Private universities will need to recognize graduate
students who conduct research and help teach classes as employees and therefore
accept the unions that they form, the National Labor Relations Board ruled
Tuesday.
In a 3-1 decision, the board ruled that undergraduate and graduate
student assistants and research assistants are statutory employees and are
therefore covered by the National Labor Relations Act. The decision opens the
door for the students and research assistants at private universities to band
together to negotiate issues like pay, benefits, workload, and class size.
The decision came in
response to a petition from graduate students at Columbia University and
reversed a previous decision involving Brown University that found private
universities are not required to recognize graduate student unions.
In the new decision, board members
wrote that the Brown decision not only had an incorrect interpretation of the
act, “but also because of the nature and consequences of that error.” The
decision “deprived an entire category of workers of the protections of the
Act,” the members wrote.
Ahead of the decision,
graduate students had been running union drives and preparing for union elections
at top institutions including Harvard, Yale, Brown, Cornell, and the University
of Chicago.
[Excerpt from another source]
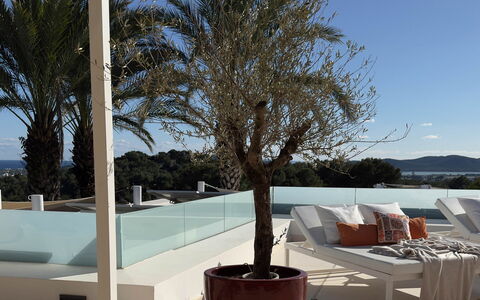Villa the Marvel: Mobilia, Mobili Da Esterno, Sedia, Shade, Balcone, Ricorrere, Vaso Di Fiori, Pianta Della Casa, Eco Hotel, Tavolo Esterno
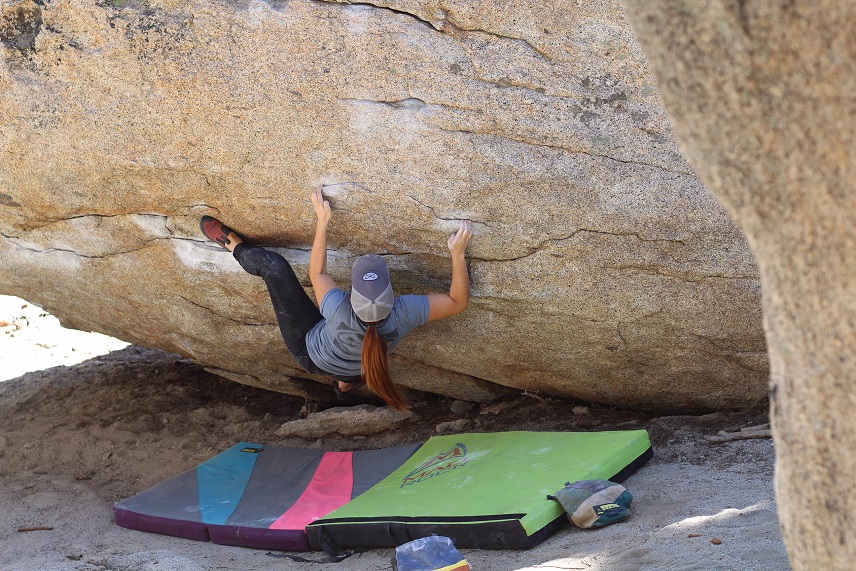 Lana Cao rock climbing.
The efforts ramped up after New York University became the first
private university to voluntarily recognize its graduate student union in 2013.
Harvard, Stanford, and the
Massachusetts Institute of Technology were among the universities that opposed
the petition before the board, warning that giving graduate students collective
bargaining rights could destroy the mentor-student relationship.
“While we are reviewing the
ruling, Columbia — along with many of our peer institutions
— disagrees with this outcome because we believe the academic relationship
students have with faculty members and departments as part of their studies is
not the same as between employer and employee,” Columbia said in a statement.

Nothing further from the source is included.